April 23 2014 Latest news:
Tuesday, December 17, 2013
Whatfield Primary near Hadleigh has been hailed as a good example of how small schools can work at their best.
Despite having only 37 students, the school received a “good” rating from Ofsted and was described by inspectors as a “small school with a can-do attitude”.
Whatfield is not part of a federation and headteacher Lynne Golding said school governors had voted to keep it that way.
She told the EADT: “Children are individuals and the benefit of having a small school is that we are able to treat them as such.
“Money and resources are a challenge but as a smaller school we can give kids opportunities that bigger schools are often unable to - and we can give them more time.
“We have to be very aware of numbers and as the whole of the financial structure seems to be changing this could put us in a predicament going forward.”
Parents and staff believe the school is essential to keeping the Whatfield community vibrant.
Ms Golding added: “If we had to federate to keep the school here then we would consider it, but as we are successful the way we are, the governors feel they would prefer for us to remain as an individual unit.”
Meanwhile, members of the Monks Eleigh community are fighting to keep their village primary school open.
The school, which has been part of a federation partnership with Boxford Primary since September 2011, was judged “inadequate” after Ofsted inspectors visited in July.
Since the report was published, the number of students has dropped from 30 to just 15 and the county council has confirmed that closing the school is an option.

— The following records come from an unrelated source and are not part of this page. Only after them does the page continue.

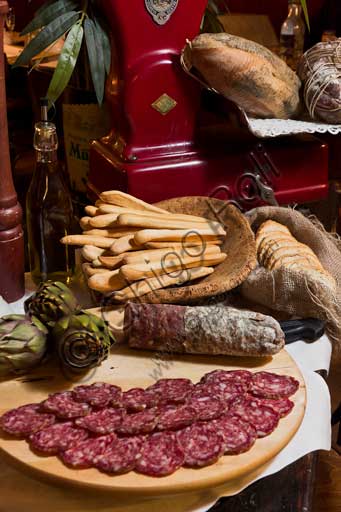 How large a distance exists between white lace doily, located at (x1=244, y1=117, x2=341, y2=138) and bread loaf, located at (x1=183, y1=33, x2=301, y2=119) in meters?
0.03

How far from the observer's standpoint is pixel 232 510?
0.91 meters

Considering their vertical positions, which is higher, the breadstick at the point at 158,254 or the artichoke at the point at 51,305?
the artichoke at the point at 51,305

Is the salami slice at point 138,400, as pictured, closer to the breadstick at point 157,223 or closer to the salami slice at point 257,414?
the salami slice at point 257,414

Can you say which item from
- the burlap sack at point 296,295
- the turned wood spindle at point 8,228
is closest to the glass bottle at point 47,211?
the turned wood spindle at point 8,228

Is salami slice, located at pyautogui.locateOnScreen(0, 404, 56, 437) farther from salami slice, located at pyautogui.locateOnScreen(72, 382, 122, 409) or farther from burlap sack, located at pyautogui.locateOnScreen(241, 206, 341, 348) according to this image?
burlap sack, located at pyautogui.locateOnScreen(241, 206, 341, 348)

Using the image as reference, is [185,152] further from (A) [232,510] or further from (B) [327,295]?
(A) [232,510]

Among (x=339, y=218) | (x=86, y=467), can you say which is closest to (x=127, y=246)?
(x=86, y=467)

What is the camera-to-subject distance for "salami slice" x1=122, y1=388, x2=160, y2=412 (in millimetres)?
916

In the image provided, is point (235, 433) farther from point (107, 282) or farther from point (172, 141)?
point (172, 141)

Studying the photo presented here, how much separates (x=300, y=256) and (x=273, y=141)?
365 mm

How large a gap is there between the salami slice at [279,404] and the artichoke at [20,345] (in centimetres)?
33

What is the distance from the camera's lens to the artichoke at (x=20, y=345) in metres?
0.97

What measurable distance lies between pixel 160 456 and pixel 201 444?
0.19 ft

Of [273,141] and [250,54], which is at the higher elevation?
[250,54] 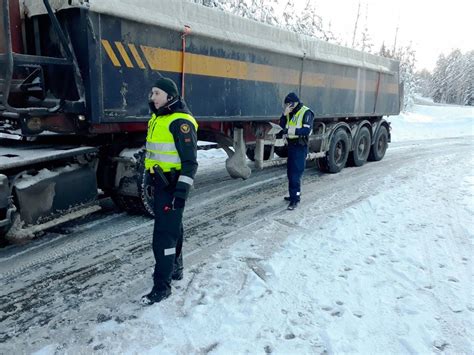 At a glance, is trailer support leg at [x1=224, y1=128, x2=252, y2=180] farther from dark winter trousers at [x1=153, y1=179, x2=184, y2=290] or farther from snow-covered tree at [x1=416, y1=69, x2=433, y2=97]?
snow-covered tree at [x1=416, y1=69, x2=433, y2=97]

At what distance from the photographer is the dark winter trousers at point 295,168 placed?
6074 millimetres

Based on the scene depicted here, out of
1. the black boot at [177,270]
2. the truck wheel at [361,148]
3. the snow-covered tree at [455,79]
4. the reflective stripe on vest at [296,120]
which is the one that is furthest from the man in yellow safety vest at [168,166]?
the snow-covered tree at [455,79]

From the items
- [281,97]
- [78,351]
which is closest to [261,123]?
[281,97]

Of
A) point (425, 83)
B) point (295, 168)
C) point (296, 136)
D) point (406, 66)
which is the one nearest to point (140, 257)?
point (295, 168)

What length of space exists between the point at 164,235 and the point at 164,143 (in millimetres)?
759

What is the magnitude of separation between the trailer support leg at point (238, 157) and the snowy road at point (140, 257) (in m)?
0.38

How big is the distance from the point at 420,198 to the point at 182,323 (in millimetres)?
5174

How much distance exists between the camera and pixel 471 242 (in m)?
4.68

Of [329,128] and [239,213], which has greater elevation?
[329,128]

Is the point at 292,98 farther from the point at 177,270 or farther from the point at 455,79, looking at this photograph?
the point at 455,79

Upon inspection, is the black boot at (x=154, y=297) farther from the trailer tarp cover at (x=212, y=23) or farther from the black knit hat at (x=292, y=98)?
the black knit hat at (x=292, y=98)

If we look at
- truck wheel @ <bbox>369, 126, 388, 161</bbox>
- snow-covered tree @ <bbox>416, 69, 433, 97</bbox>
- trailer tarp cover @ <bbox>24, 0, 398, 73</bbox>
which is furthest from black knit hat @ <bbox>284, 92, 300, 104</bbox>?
snow-covered tree @ <bbox>416, 69, 433, 97</bbox>

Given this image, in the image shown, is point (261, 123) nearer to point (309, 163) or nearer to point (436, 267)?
point (309, 163)

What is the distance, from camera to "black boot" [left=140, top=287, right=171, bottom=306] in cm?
315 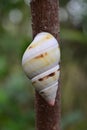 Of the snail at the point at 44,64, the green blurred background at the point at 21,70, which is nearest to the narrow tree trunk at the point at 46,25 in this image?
the snail at the point at 44,64

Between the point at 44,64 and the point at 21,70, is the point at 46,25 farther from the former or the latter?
the point at 21,70

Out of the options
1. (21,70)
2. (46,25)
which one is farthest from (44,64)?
(21,70)

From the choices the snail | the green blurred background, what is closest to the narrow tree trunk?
the snail

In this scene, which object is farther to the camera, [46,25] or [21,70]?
[21,70]

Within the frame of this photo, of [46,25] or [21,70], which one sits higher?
[46,25]

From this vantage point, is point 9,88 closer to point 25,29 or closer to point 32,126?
point 32,126

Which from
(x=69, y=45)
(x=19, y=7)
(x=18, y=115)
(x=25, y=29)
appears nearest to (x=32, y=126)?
(x=18, y=115)

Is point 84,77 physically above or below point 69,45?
below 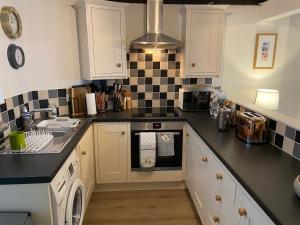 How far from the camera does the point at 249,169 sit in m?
1.30

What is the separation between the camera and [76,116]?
2.49 metres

The partnership with Boxford is due to end at Christmas and a new headteacher, Karen Harmen, has been given a six-month contract to help raise the profile of Monks Eleigh Primary.
She said: “It’s been a difficult six months but the school is doing everything it can to attract more pupils and get things back on track.”
Former teacher and villager Barbara Sims believes closing the school would be the wrong decision, because it has great potential. She added: “Schools in Suffolk are already over subscribed so it doesn’t make any sense to close a school that is such a valuable part of the community. There is no reason why it shouldn’t flourish again with a bit of extra support.”